> Information supplied
· · · · · · ·

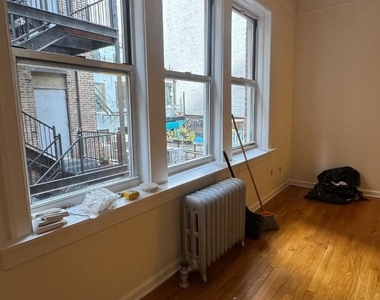 W 13th St - Photo Thumbnail 2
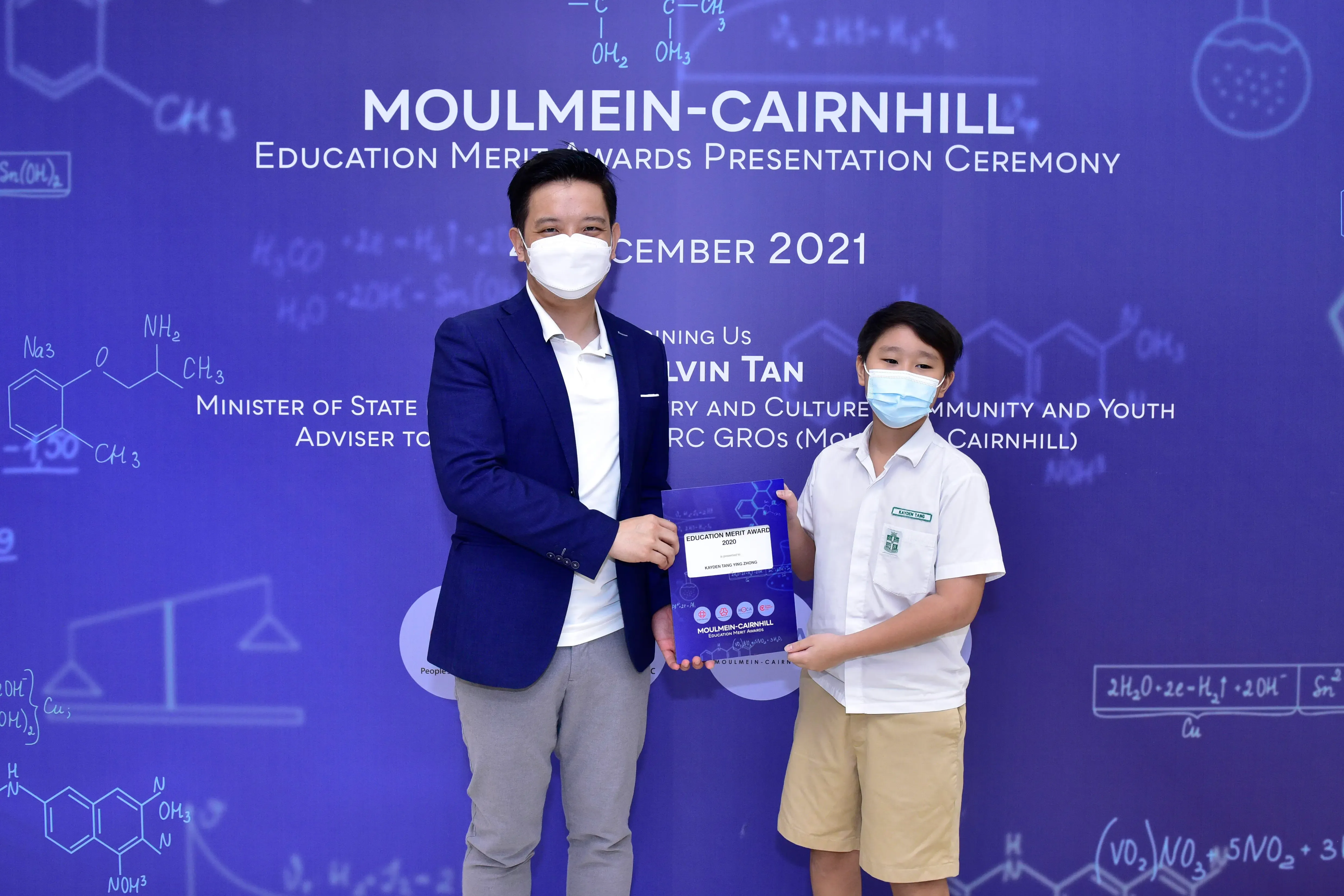 An adult and a young student in masks hold an award certificate at the Moulmein-Cairnhill Education Merit Awards 2021.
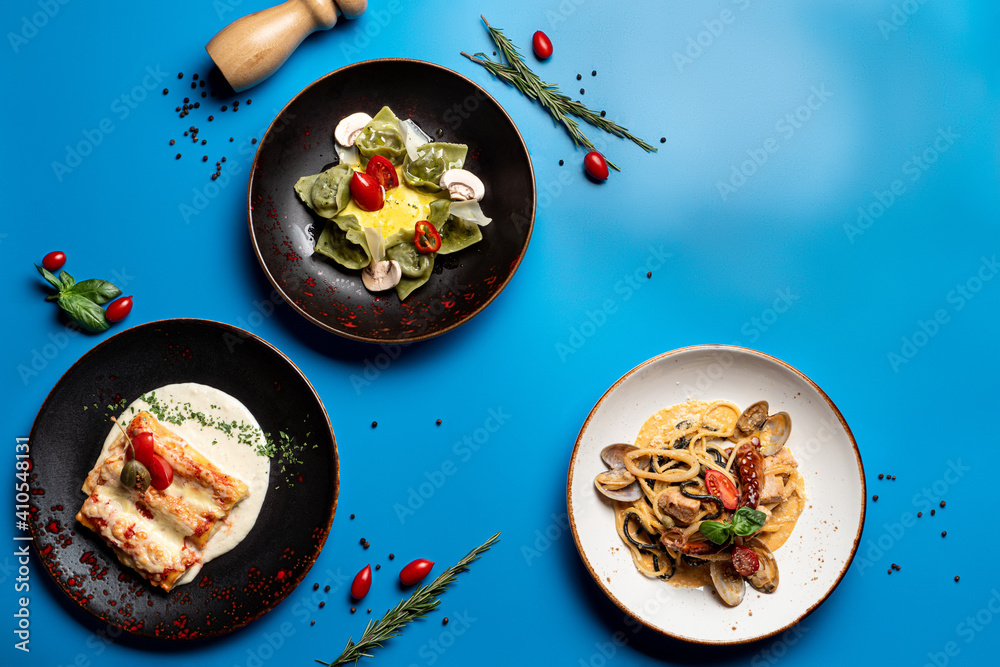 Menu of italian restaurant on a bright blue background, top view, studio photography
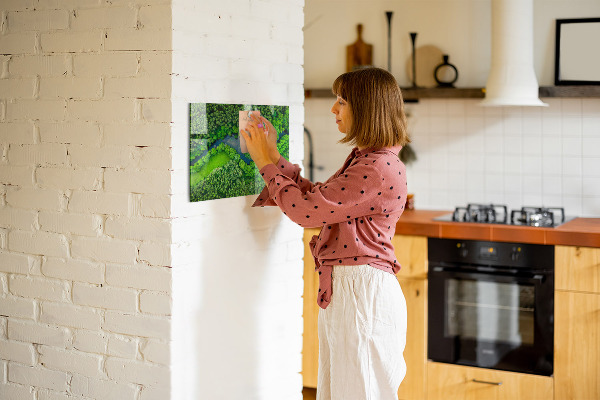 Magnetic board for wall featuring a river in the forest design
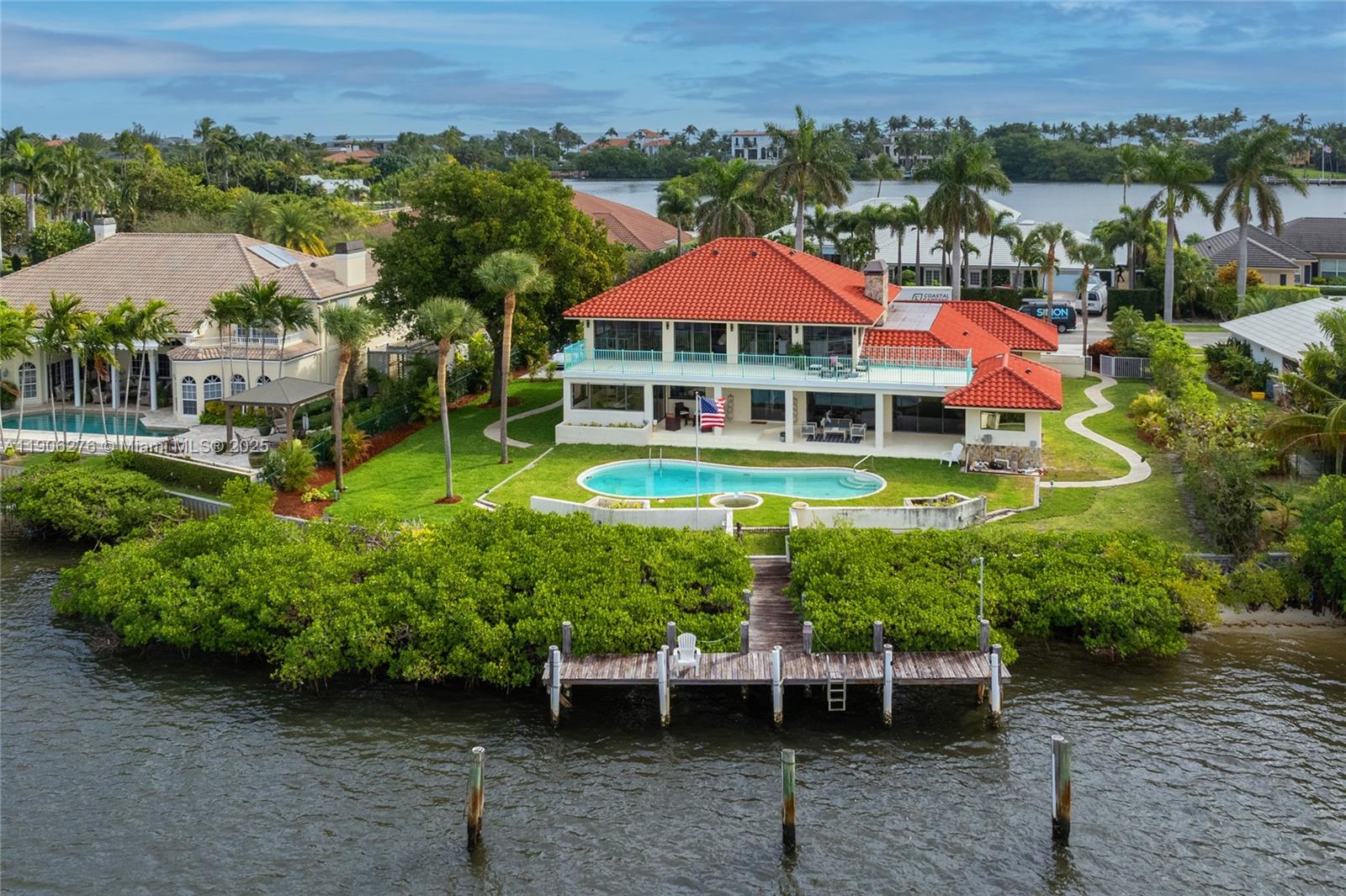 1635 Lands End Road Manalapan, FL 33462 - Photo 6 of 38 an aerial view of a house with a garden and a yard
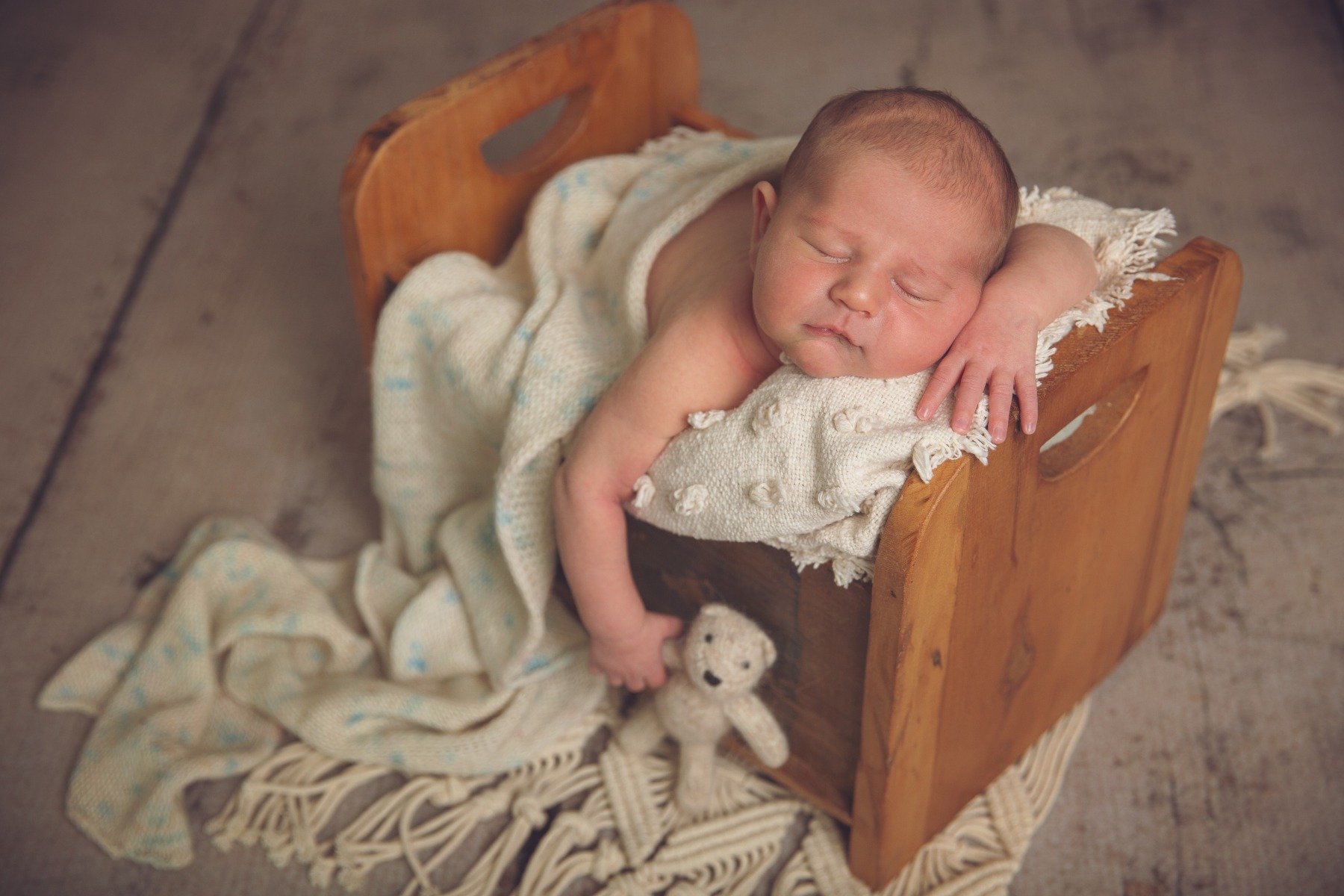newborn sleeping on his belly in a wooden bed, teddy bear in hand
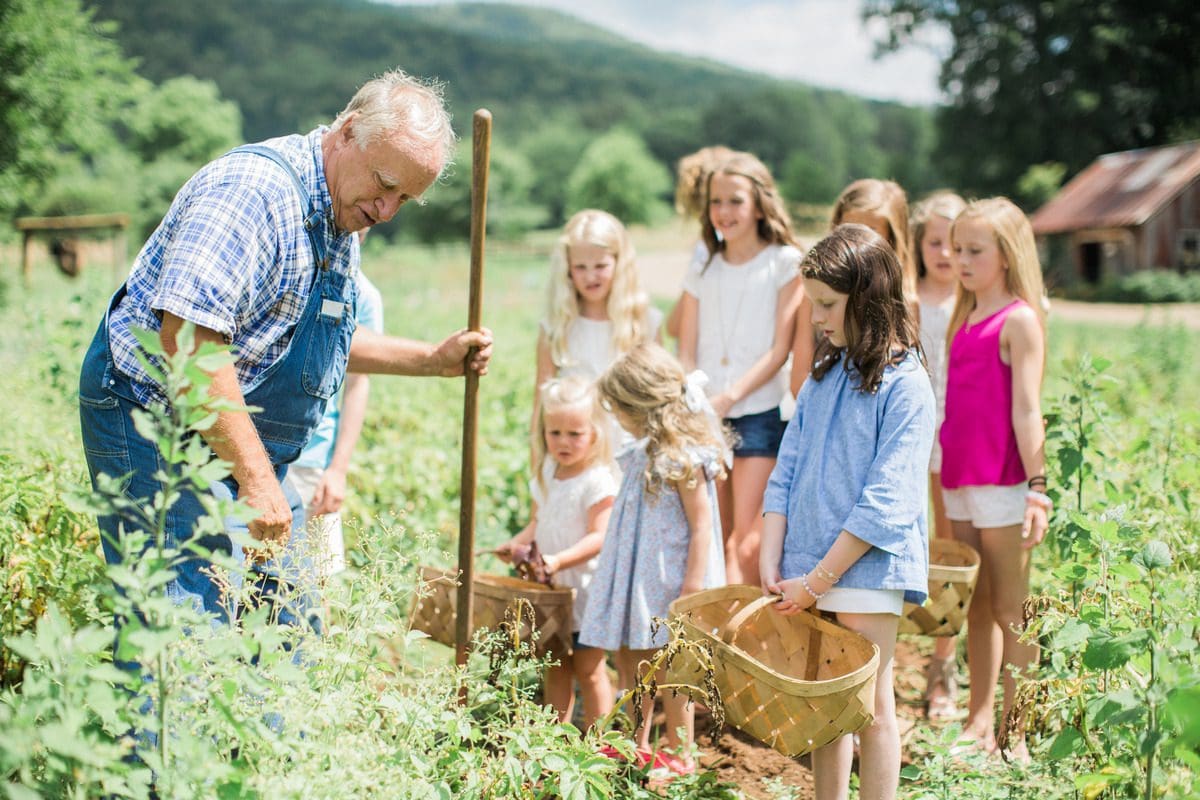 A gardener shows kids around the Blackberry Farm gardens.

· · · · · · ·

> What the task asks
The reply needs to repeat exactly the line containing "Magnetic board for" and each line after it, through the final line of the entries above, and to skip the pictures.

> Written answer
 Magnetic board for wall featuring a river in the forest design
 1635 Lands End Road Manalapan, FL 33462 - Photo 6 of 38 an aerial view of a house with a garden and a yard
newborn sleeping on his belly in a wooden bed, teddy bear in hand
 A gardener shows kids around the Blackberry Farm gardens.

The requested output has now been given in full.